Data below Block Start
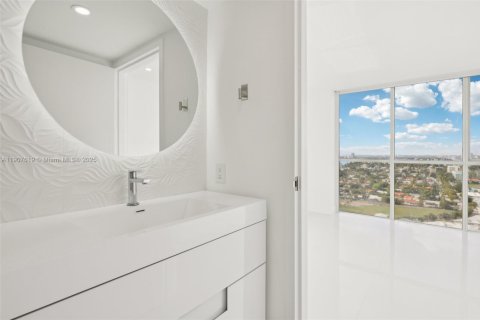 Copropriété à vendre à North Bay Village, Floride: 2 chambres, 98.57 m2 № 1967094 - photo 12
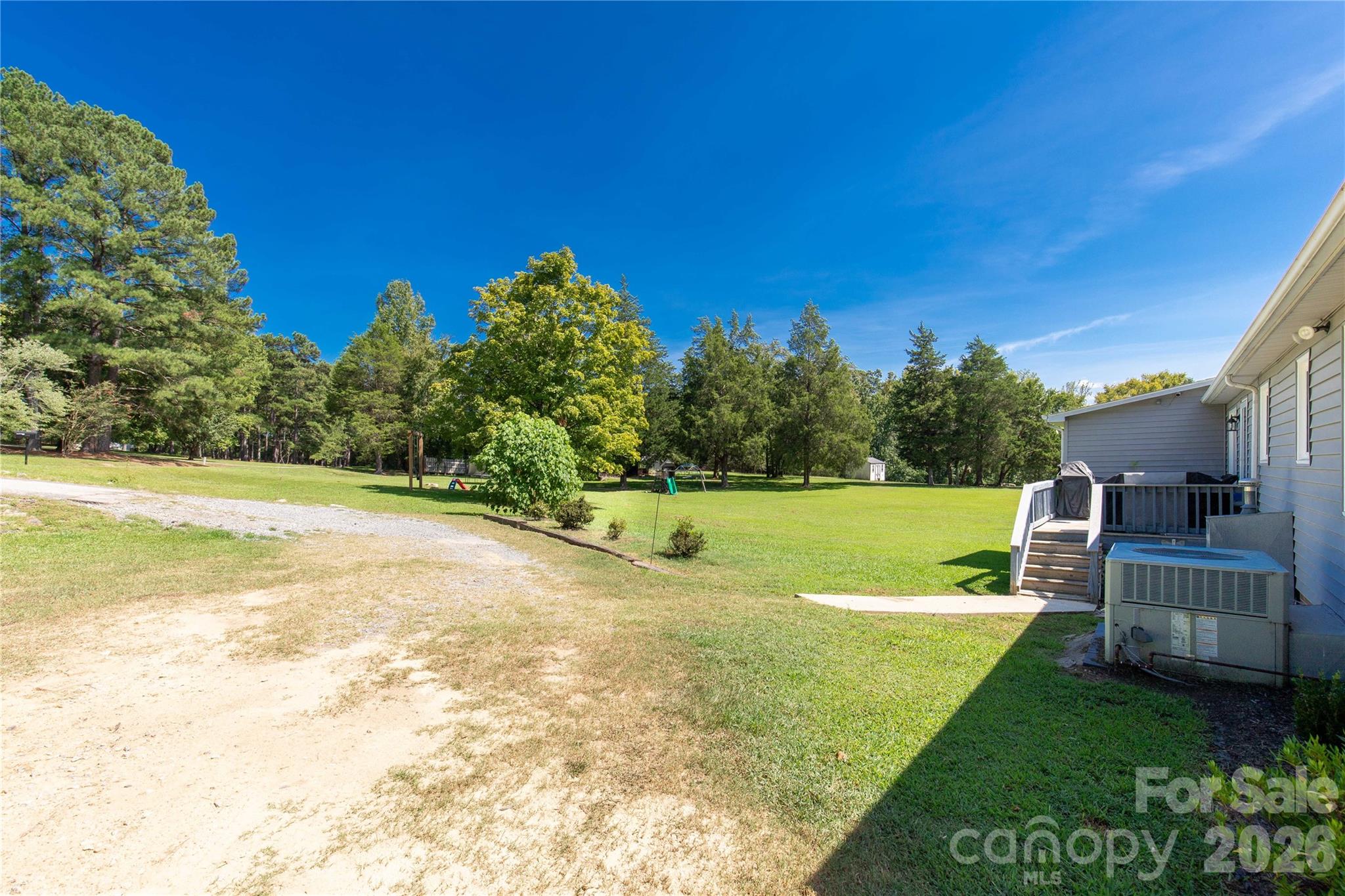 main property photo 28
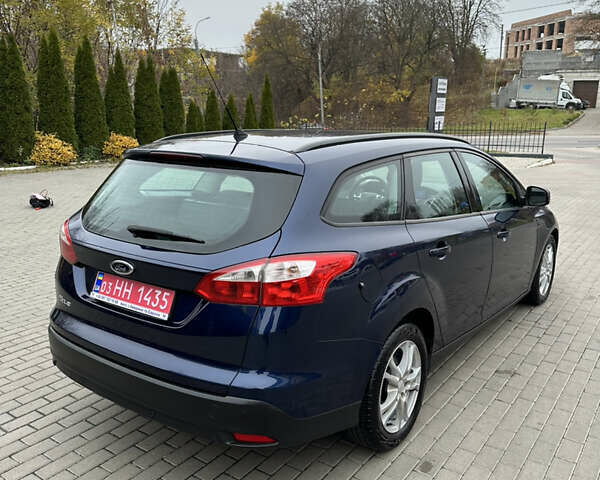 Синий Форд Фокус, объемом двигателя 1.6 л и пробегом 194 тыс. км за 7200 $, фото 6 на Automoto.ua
Data below Block End
Nothing but an exact transcription of the material, without pictures, should be returned.

 Copropriété à vendre à North Bay Village, Floride: 2 chambres, 98.57 m2 № 1967094 - photo 12
 main property photo 28
 Синий Форд Фокус, объемом двигателя 1.6 л и пробегом 194 тыс. км за 7200 $, фото 6 на Automoto.ua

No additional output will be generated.